Acordam, em plenário, no Tribunal Constitucional

I – Relatório

  1. Nos presentes autos, o Presidente da República vem requerer, nos termos da alínea a) do n.º 2 do artigo 281.º da Constituição, bem como do n.º 1 do artigo 51.º e do n.º 1 do artigo 62.º da Lei n.º 28/82, de 15 de Novembro, a apreciação e declaração, com força obrigatória geral, da inconstitucionalidade da norma constante do n.° 1 do artigo 68° do Código do IRS, na redacção que lhe foi dada pelo artigo 1° da Lei n.° 11/2010, de 15 de Junho, quando conjugada com o disposto nos artigos 2.º e 3.º da mesma Lei e, também, do mesmo n.° 1 do artigo 68° do Código do IRS, na redacção que lhe foi dada pelo artigo 1° da Lei n.° 12-A/2010, de 30 de Junho, quando conjugada com o disposto no n.° 1 do artigo 20° da mesma Lei.

  2. Tendo apresentado dois requerimentos separados, um relativo à Lei n.° 11/2010, de 15 de Junho, e outro relativo à Lei n.° 12-A/2010, de 30 de Junho, o Presidente da República fundamentou-os do seguinte modo:

    1. Requerimento relativo à Lei n.° 11/2010, de 15 de Junho

      “1.º

      A Assembleia da República aprovou, pela Lei n.º 11/2010, de 15 de Junho, uma alteração ao Código do IRS com o propósito de criar um escalão adicional de tributação, sujeitando os rendimentos anuais superiores a 150.000 euros à taxa de imposto de 45%.

      1. A Lei n.º 11/2010 foi publicada em 15 de Junho e entrou em vigor em 16 de Junho de 2010.

      2. O artigo 3.º da Lei n.º 11/2010 dispõe que a entrada em vigor da mesma ocorre no dia seguinte ao da sua publicação.

      3. Tal norma de entrada em vigor permite a interpretação segundo a qual, por força dos prazos já indicados, as alterações em causa são aplicáveis aos rendimentos auferidos durante todo o ano de 2010.

      4. Com efeito, a alteração à taxa de imposto irá produzir os seus efeitos relevantes quando se proceder ao apuramento do rendimento colectável e, consequentemente, à concreta aplicação da taxa, o que só ocorrerá após a apresentação, pelos sujeitos passivos da relação jurídica de imposto, das respectivas declarações de rendimentos.
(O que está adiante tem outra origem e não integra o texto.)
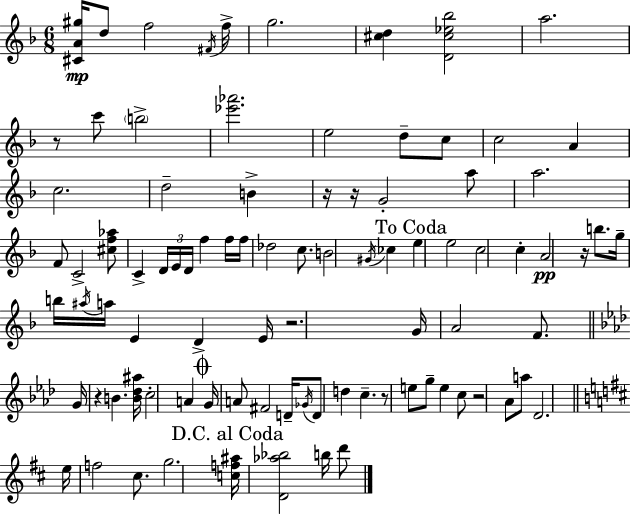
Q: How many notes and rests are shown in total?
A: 90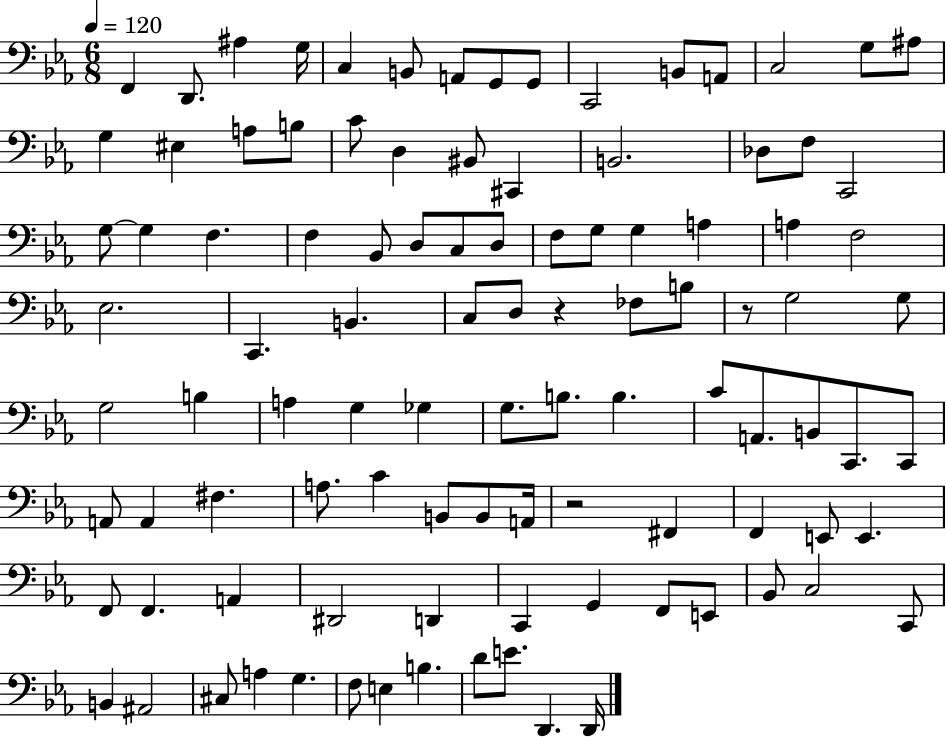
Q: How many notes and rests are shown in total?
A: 102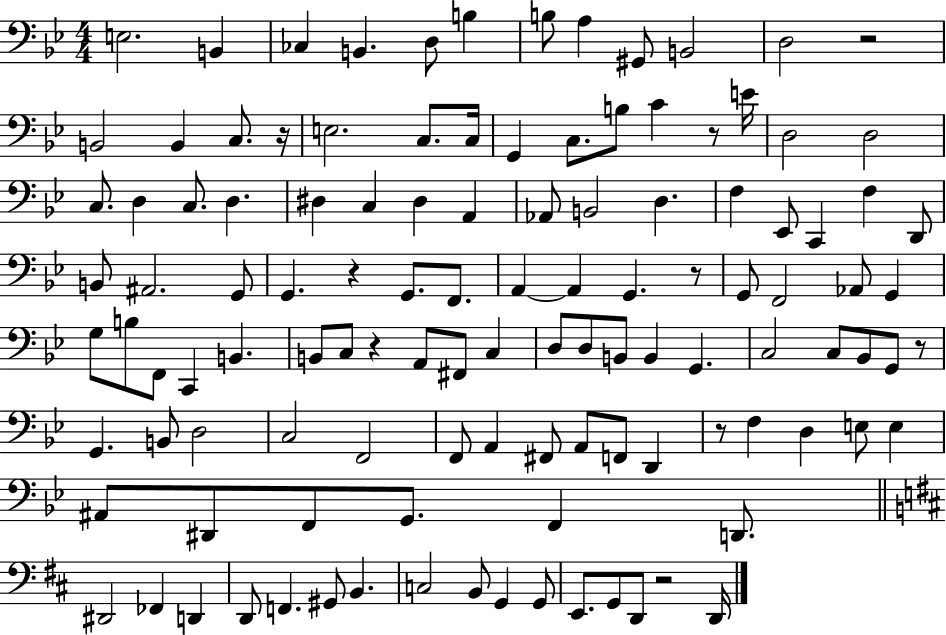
E3/h. B2/q CES3/q B2/q. D3/e B3/q B3/e A3/q G#2/e B2/h D3/h R/h B2/h B2/q C3/e. R/s E3/h. C3/e. C3/s G2/q C3/e. B3/e C4/q R/e E4/s D3/h D3/h C3/e. D3/q C3/e. D3/q. D#3/q C3/q D#3/q A2/q Ab2/e B2/h D3/q. F3/q Eb2/e C2/q F3/q D2/e B2/e A#2/h. G2/e G2/q. R/q G2/e. F2/e. A2/q A2/q G2/q. R/e G2/e F2/h Ab2/e G2/q G3/e B3/e F2/e C2/q B2/q. B2/e C3/e R/q A2/e F#2/e C3/q D3/e D3/e B2/e B2/q G2/q. C3/h C3/e Bb2/e G2/e R/e G2/q. B2/e D3/h C3/h F2/h F2/e A2/q F#2/e A2/e F2/e D2/q R/e F3/q D3/q E3/e E3/q A#2/e D#2/e F2/e G2/e. F2/q D2/e. D#2/h FES2/q D2/q D2/e F2/q. G#2/e B2/q. C3/h B2/e G2/q G2/e E2/e. G2/e D2/e R/h D2/s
      5. Todavia, quando tal suceder, de acordo com a solução agora aprovada pelo legislador, a taxa alterada incidirá sobre a totalidade dos rendimentos auferidos durante o ano de 2010, ainda que percebidos em momento anterior ao da entrada em vigor da lei.
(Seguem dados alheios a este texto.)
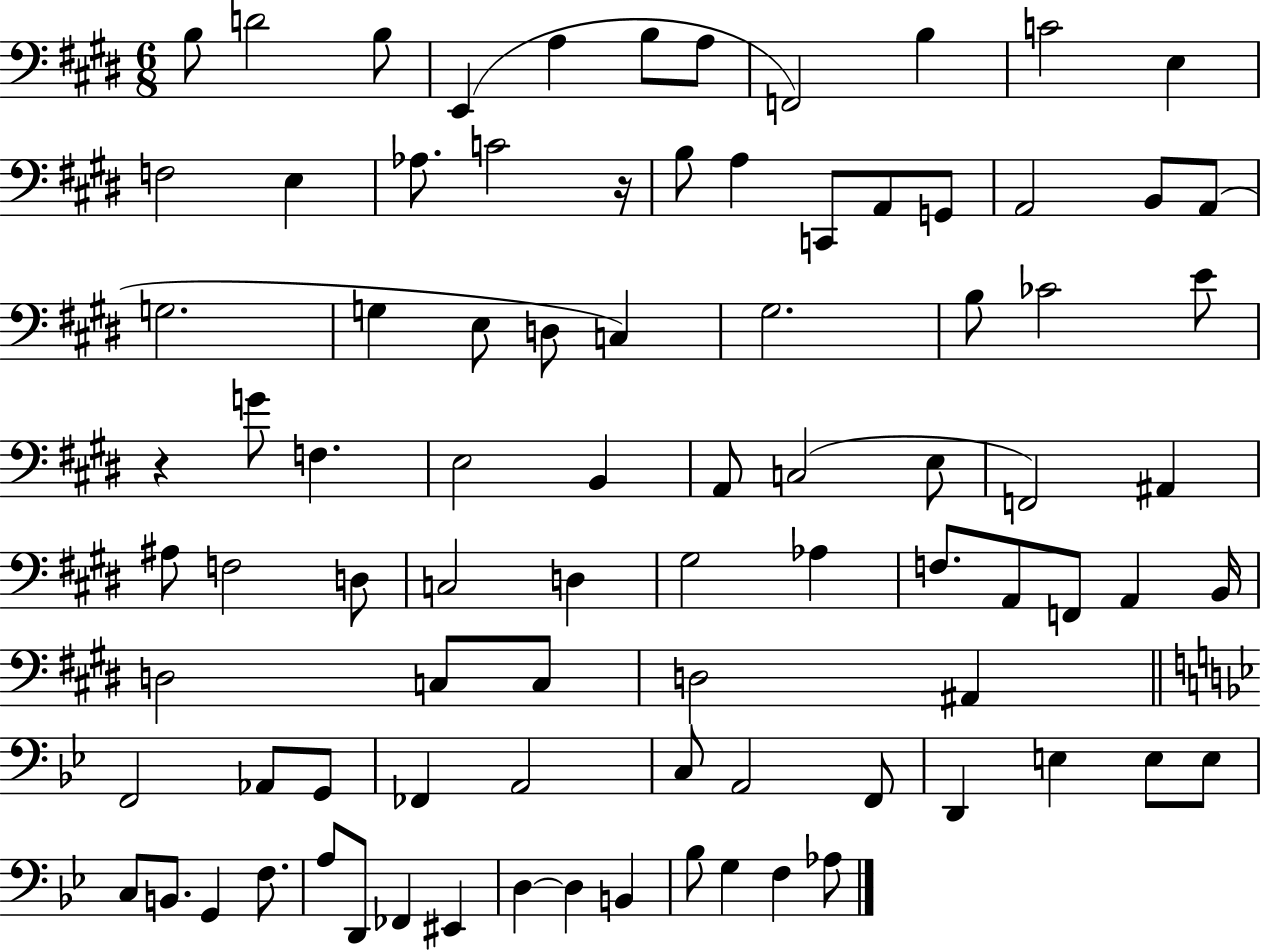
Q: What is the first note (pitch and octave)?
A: B3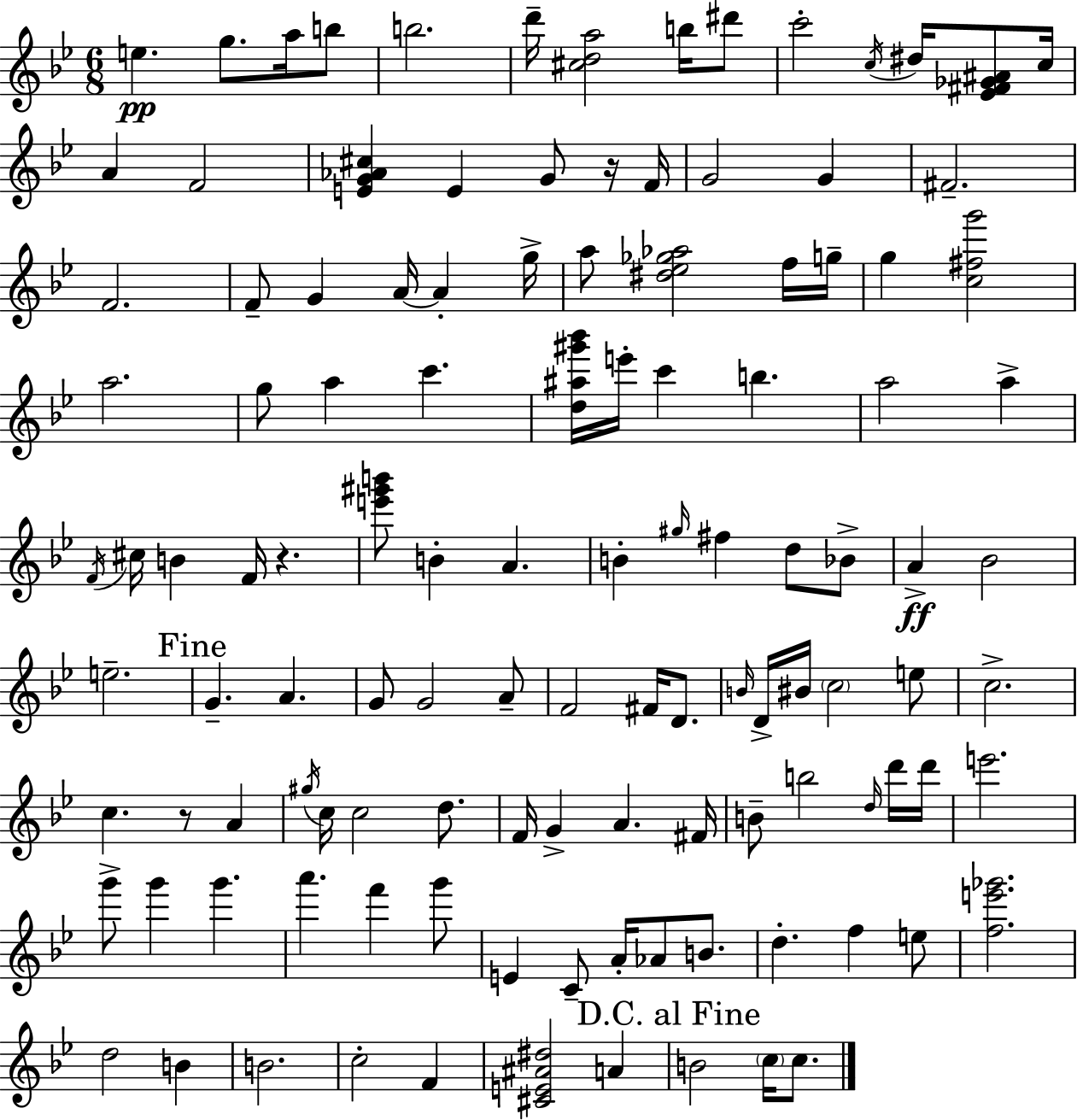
E5/q. G5/e. A5/s B5/e B5/h. D6/s [C#5,D5,A5]/h B5/s D#6/e C6/h C5/s D#5/s [Eb4,F#4,Gb4,A#4]/e C5/s A4/q F4/h [E4,G4,Ab4,C#5]/q E4/q G4/e R/s F4/s G4/h G4/q F#4/h. F4/h. F4/e G4/q A4/s A4/q G5/s A5/e [D#5,Eb5,Gb5,Ab5]/h F5/s G5/s G5/q [C5,F#5,G6]/h A5/h. G5/e A5/q C6/q. [D5,A#5,G#6,Bb6]/s E6/s C6/q B5/q. A5/h A5/q F4/s C#5/s B4/q F4/s R/q. [E6,G#6,B6]/e B4/q A4/q. B4/q G#5/s F#5/q D5/e Bb4/e A4/q Bb4/h E5/h. G4/q. A4/q. G4/e G4/h A4/e F4/h F#4/s D4/e. B4/s D4/s BIS4/s C5/h E5/e C5/h. C5/q. R/e A4/q G#5/s C5/s C5/h D5/e. F4/s G4/q A4/q. F#4/s B4/e B5/h D5/s D6/s D6/s E6/h. G6/e G6/q G6/q. A6/q. F6/q G6/e E4/q C4/e A4/s Ab4/e B4/e. D5/q. F5/q E5/e [F5,E6,Gb6]/h. D5/h B4/q B4/h. C5/h F4/q [C#4,E4,A#4,D#5]/h A4/q B4/h C5/s C5/e.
      6. Ora, esta interpretação das normas objecto do requerimento suscita fundadas dúvidas de constitucionalidade porquanto, ao permitir a aplicação de uma taxa de imposto agravada a rendimentos auferidos em momento anterior ao da sua entrada em vigor, parece violar o princípio da irretroactividade da lei fiscal, inscrito no n.º 3 do artigo 103.º da Constituição.
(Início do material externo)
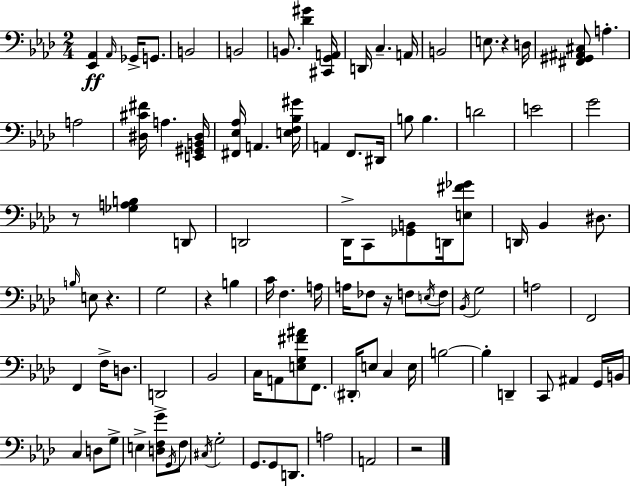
[Eb2,Ab2]/q Ab2/s Gb2/s G2/e. B2/h B2/h B2/e. [Db4,G#4]/q [C#2,G2,A2]/s D2/s C3/q. A2/s B2/h E3/e. R/q D3/s [F#2,G#2,A#2,C#3]/e A3/q. A3/h [D#3,C#4,F#4]/s A3/q. [E2,G#2,B2,D#3]/s [F#2,Eb3,Ab3]/s A2/q. [E3,F3,Bb3,G#4]/s A2/q F2/e. D#2/s B3/e B3/q. D4/h E4/h G4/h R/e [Gb3,A3,B3]/q D2/e D2/h Db2/s C2/e [Gb2,B2]/e D2/s [E3,F#4,Gb4]/e D2/s Bb2/q D#3/e. B3/s E3/e R/q. G3/h R/q B3/q C4/s F3/q. A3/s A3/s FES3/e R/s F3/e E3/s F3/e Bb2/s G3/h A3/h F2/h F2/q F3/s D3/e. D2/h Bb2/h C3/s A2/e [E3,G3,F#4,A#4]/e F2/e. D#2/s E3/e C3/q E3/s B3/h B3/q D2/q C2/e A#2/q G2/s B2/s C3/q D3/e G3/e E3/q [D3,F3,G4]/e G2/s F3/e C#3/s G3/h G2/e. G2/e D2/e. A3/h A2/h R/h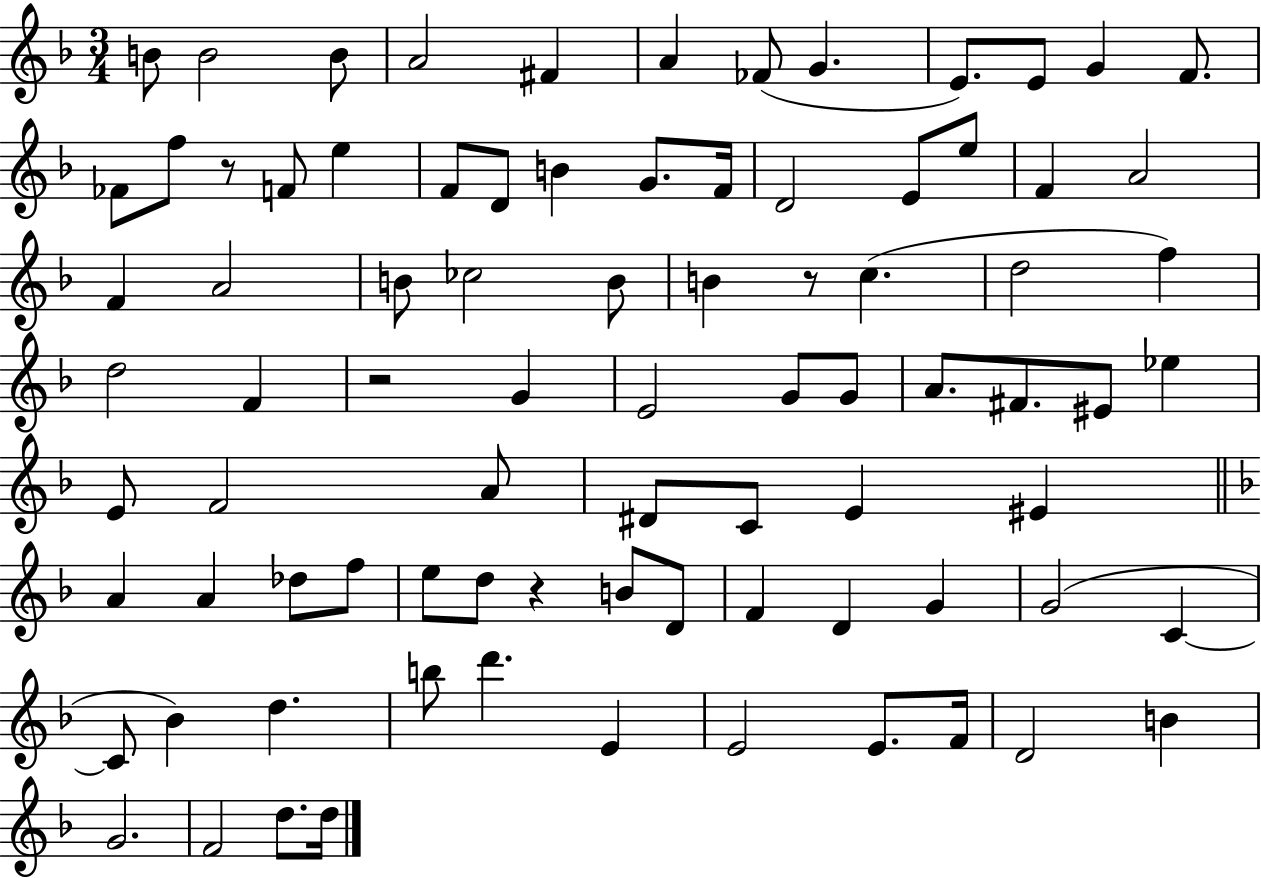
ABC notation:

X:1
T:Untitled
M:3/4
L:1/4
K:F
B/2 B2 B/2 A2 ^F A _F/2 G E/2 E/2 G F/2 _F/2 f/2 z/2 F/2 e F/2 D/2 B G/2 F/4 D2 E/2 e/2 F A2 F A2 B/2 _c2 B/2 B z/2 c d2 f d2 F z2 G E2 G/2 G/2 A/2 ^F/2 ^E/2 _e E/2 F2 A/2 ^D/2 C/2 E ^E A A _d/2 f/2 e/2 d/2 z B/2 D/2 F D G G2 C C/2 _B d b/2 d' E E2 E/2 F/4 D2 B G2 F2 d/2 d/4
      7. Com efeito, prescreve aquela norma Constitucional: “ninguém pode ser obrigado a pagar impostos que não hajam sido criados nos termos da Constituição, que tenham natureza retroactiva ou cuja liquidação e cobrança se não façam nos termos da lei”.

      8. Ao pretender fazer aplicar uma taxa de imposto mais elevada a rendimentos auferidos em momento anterior ao da sua entrada em vigor, a lei revela uma vocação de aplicação retroactiva, em directa contradição com a proibição inscrita no citado preceito constitucional.

      9. Só a partir da revisão constitucional de 1997 passou a Constituição a consagrar expressamente a proibição de retroactividade da lei fiscal.

      10. É certo que, tanto a doutrina como a jurisprudência, vinham já sustentando, antes mesmo da revisão constitucional, a existência de um princípio de irretroactividade da lei fiscal baseado nos princípios da legalidade fiscal, da igualdade contributiva, da protecção da confiança dos contribuintes ou da proibição de aplicação retroactiva de leis restritivas.

      11. Já à luz da nova norma constitucional, o Tribunal desenvolveu jurisprudência consistente no sentido da inconstitucionalidade de norma fiscal agravadora com efeitos retroactivos.

      12. Entre outras decisões do Tribunal, avulta a declaração com força obrigatória geral de inconstitucionalidade de norma fiscal agravadora retroactiva proferida no acórdão n.º 63/2006.

      13. Tendo por certa a proibição de aplicação retroactiva da lei fiscal agravadora, importa verificar se, no caso em apreciação, ocorre tal retroactividade.

      14. Em apoio à interpretação da norma constitucional, é útil convocar o disposto nos n.ºs 1 e 2 do artigo 12.º da Lei Geral Tributária:

        “1 - As normas tributárias aplicam-se aos factos posteriores à sua entrada em vigor, não podendo ser criados quaisquer impostos retroactivos.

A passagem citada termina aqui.